___ SOURCE RECORDS

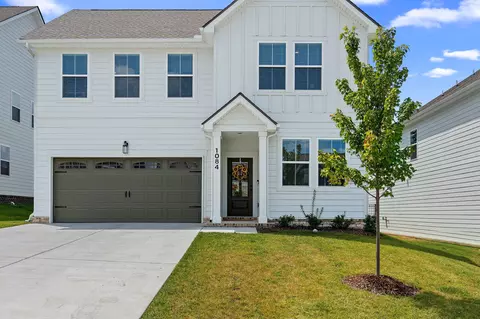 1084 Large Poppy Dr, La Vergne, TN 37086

______
___ SOURCE RECORDS

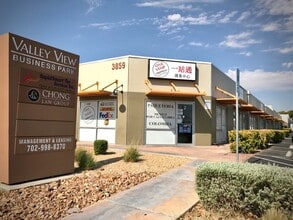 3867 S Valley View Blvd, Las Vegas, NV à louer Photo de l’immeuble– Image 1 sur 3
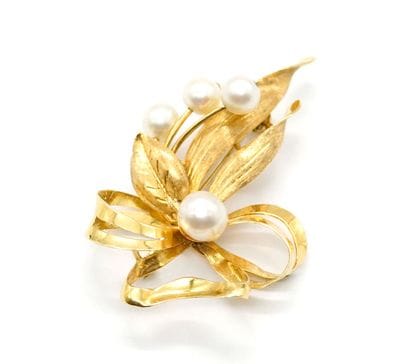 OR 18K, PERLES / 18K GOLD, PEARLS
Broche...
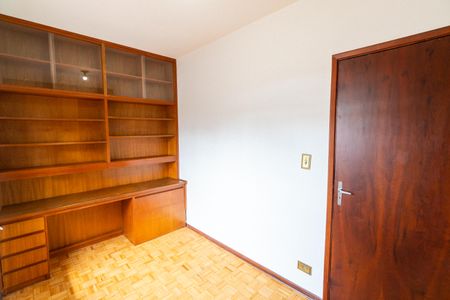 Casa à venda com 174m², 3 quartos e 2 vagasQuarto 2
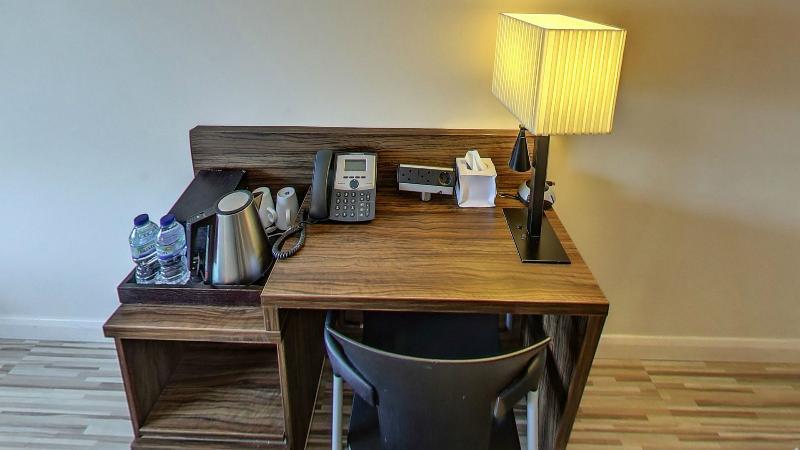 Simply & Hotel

______

### EXERCISE
An exact copy of the lines above from the one with "Casa à venda" up to and including the one with "Simply & Hotel" is required; reproduce only those lines, omitting all pictures.

### WRITTEN RESPONSE
 Casa à venda com 174m², 3 quartos e 2 vagasQuarto 2
 Simply & Hotel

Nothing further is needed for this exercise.